== What you need to do ==
Nothing but the lines from the one showing "2026 Nissan Pathfinder SV 2WD" through the final line of the data below belongs in the answer, duplicated exactly and without pictures.

(Scraped caption text data)
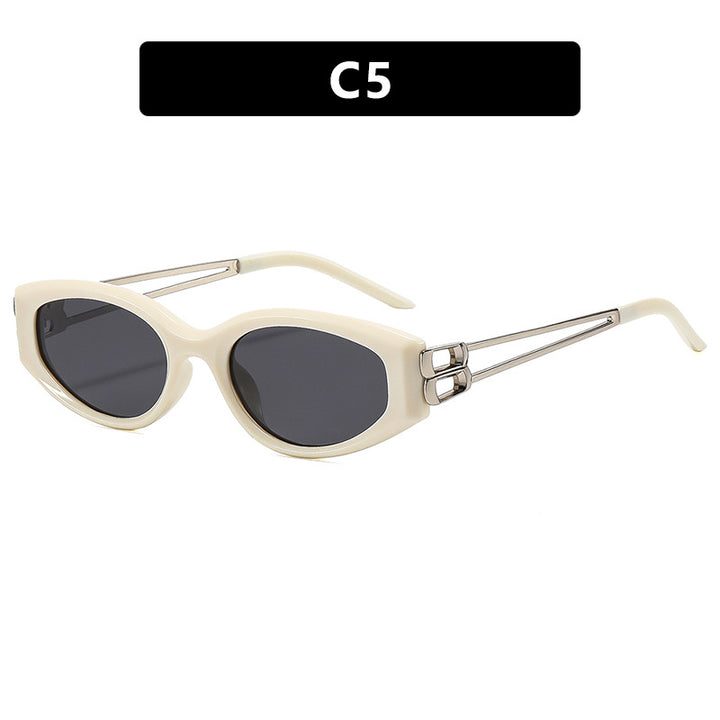 Women's Cat-Eye Sunglasses with distinctive plastic frame and stylish accents Bowlift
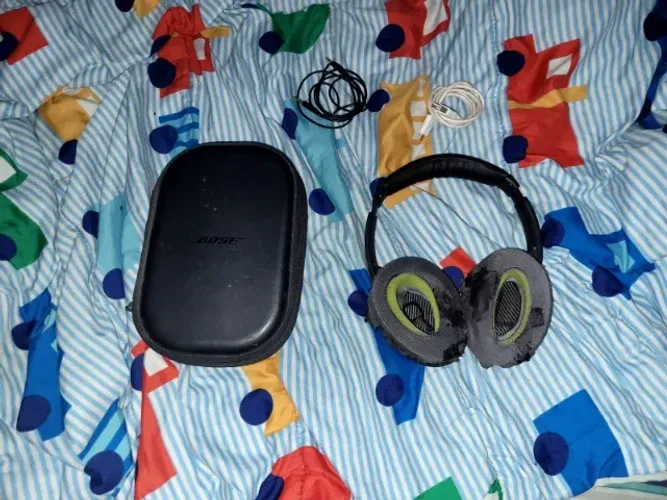 Headphone Bose Quietcomfort 35 (leia a descrição)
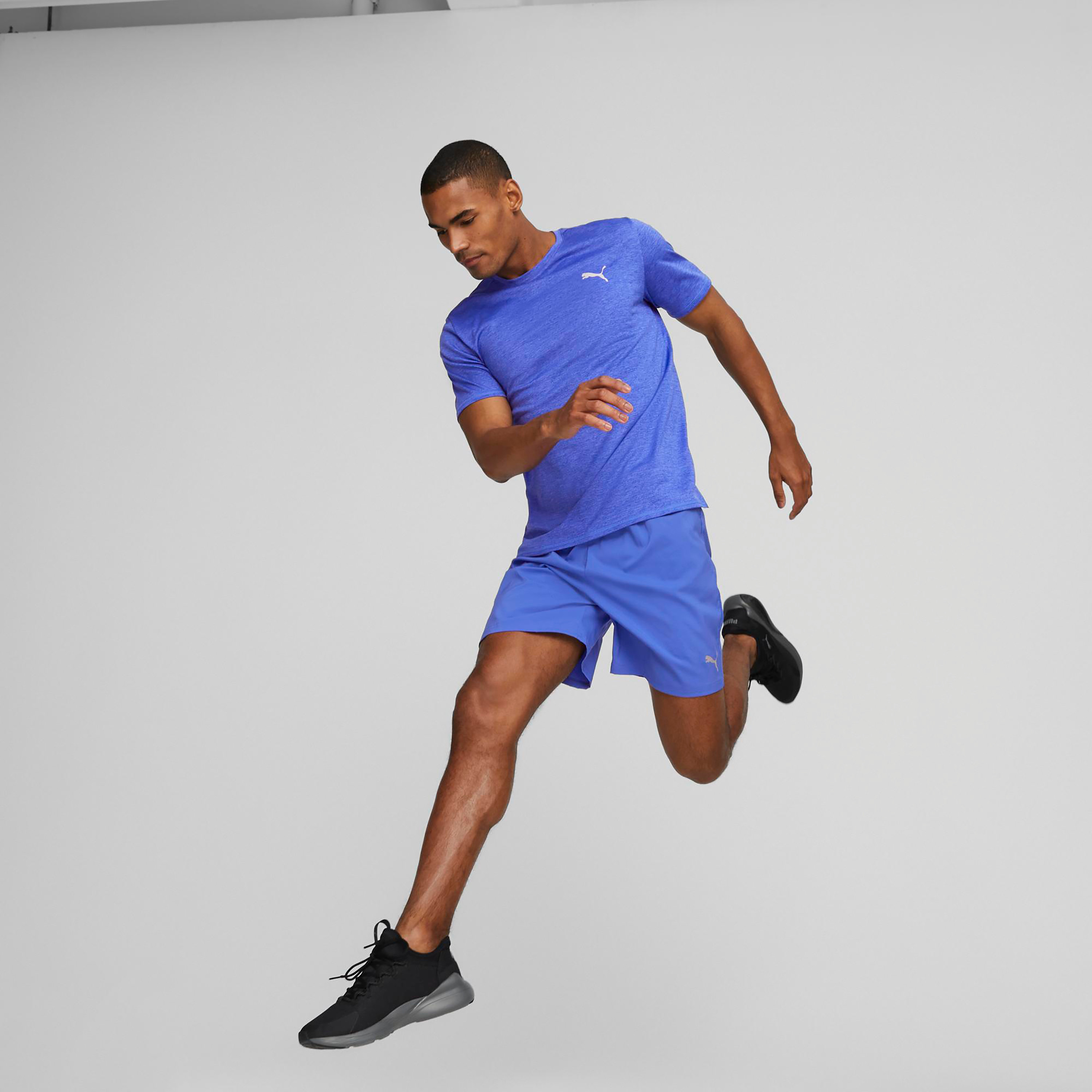 Puma Run Favorite Heather Men T-shirt 52315192-men-clothing-sportswearandactivewear-tshirtsandpolos-image-2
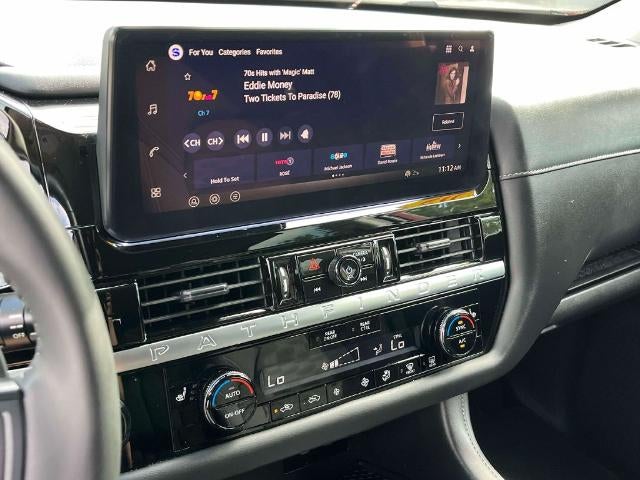 2026 Nissan Pathfinder SV 2WD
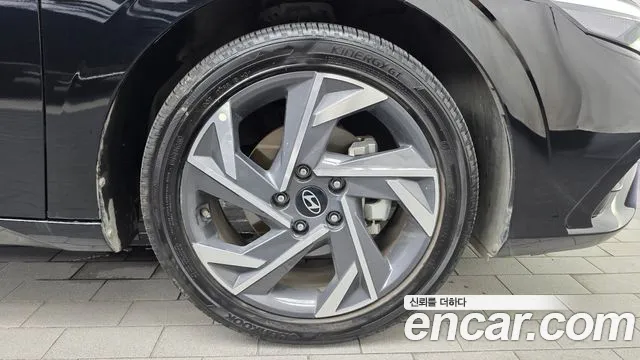 Hyundai Avante — Фото автомобиля 6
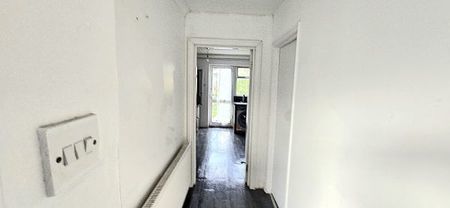 R2 - Stoneleigh Avenue, Enfield EN1 4HH, Property for rent - Photo 5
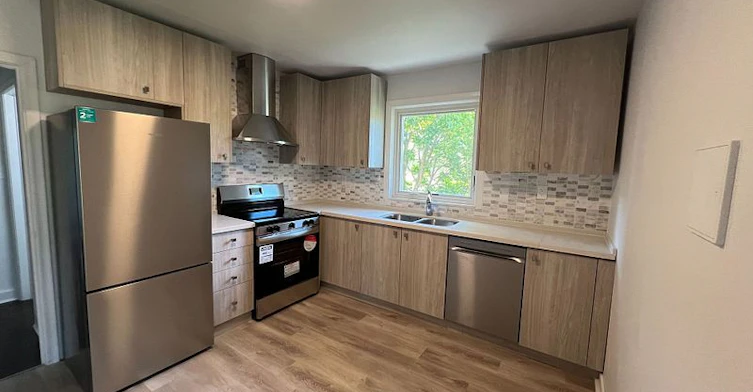 210 Renforth Main Floor Only Drive, Toronto, ON, M9C 2K7 - 4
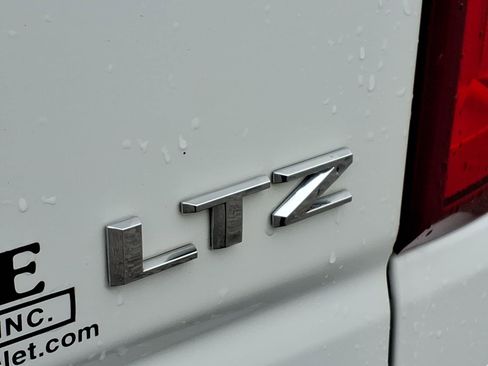 Used 2024 Chevrolet Silverado 1500 LTZ w/ Technology Package image 3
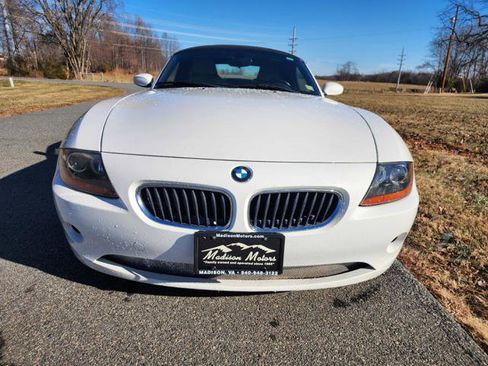 Used 2003 BMW Z4 2.5i image 3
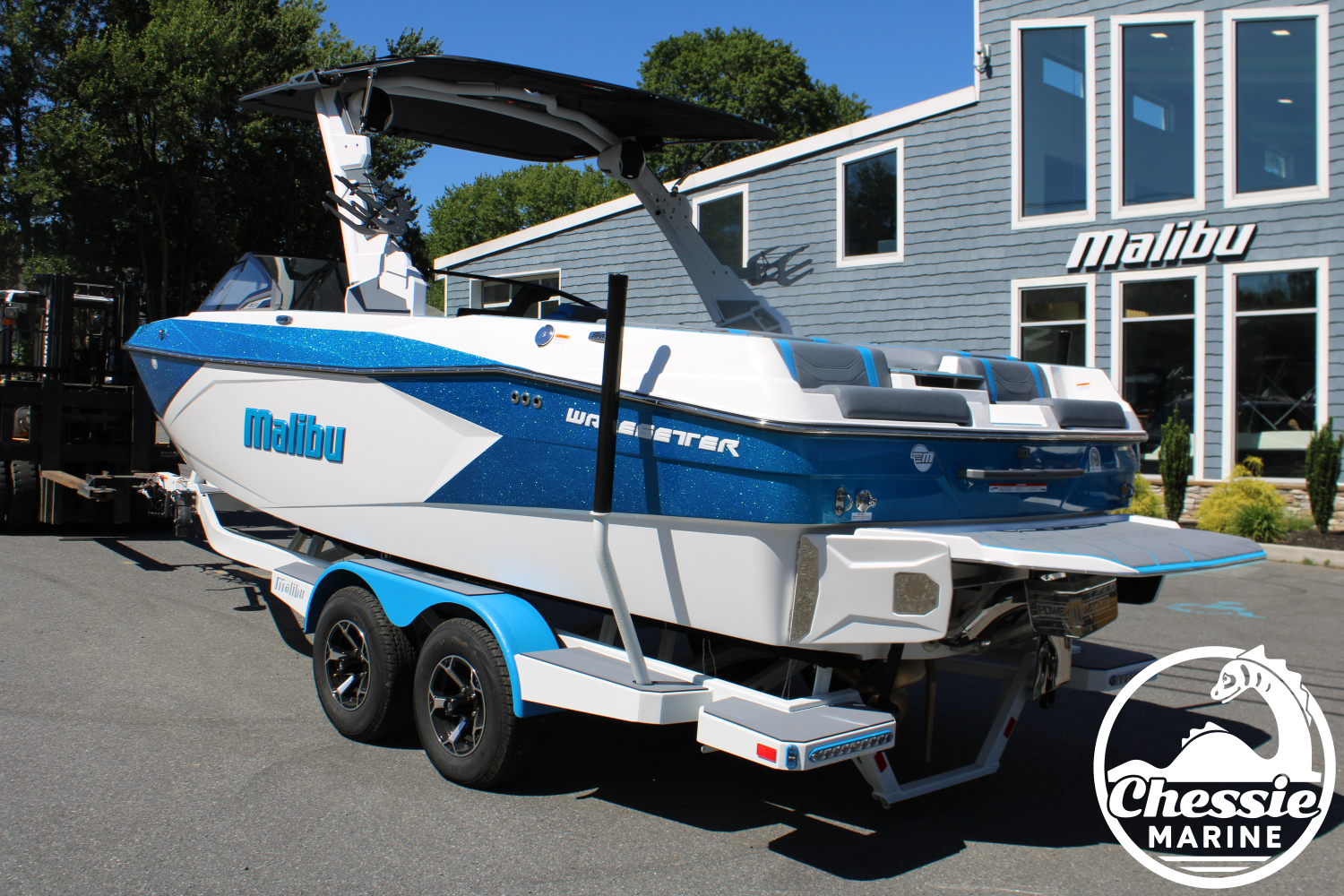 2026 Malibu 23 LSV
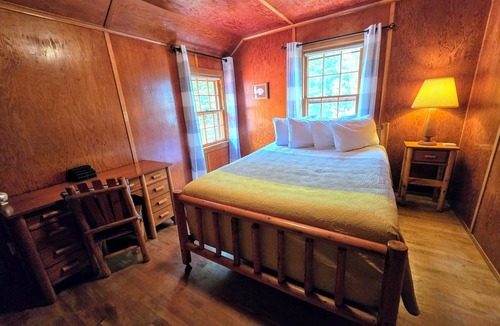 Drummond Cabin | Drummond Island Hotel & Vacation Homes - Lakeside Lodge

== Result of this exercise ==
 2026 Nissan Pathfinder SV 2WD
 Hyundai Avante — Фото автомобиля 6
 R2 - Stoneleigh Avenue, Enfield EN1 4HH, Property for rent - Photo 5
 210 Renforth Main Floor Only Drive, Toronto, ON, M9C 2K7 - 4
 Used 2024 Chevrolet Silverado 1500 LTZ w/ Technology Package image 3
 Used 2003 BMW Z4 2.5i image 3
 2026 Malibu 23 LSV
 Drummond Cabin | Drummond Island Hotel & Vacation Homes - Lakeside Lodge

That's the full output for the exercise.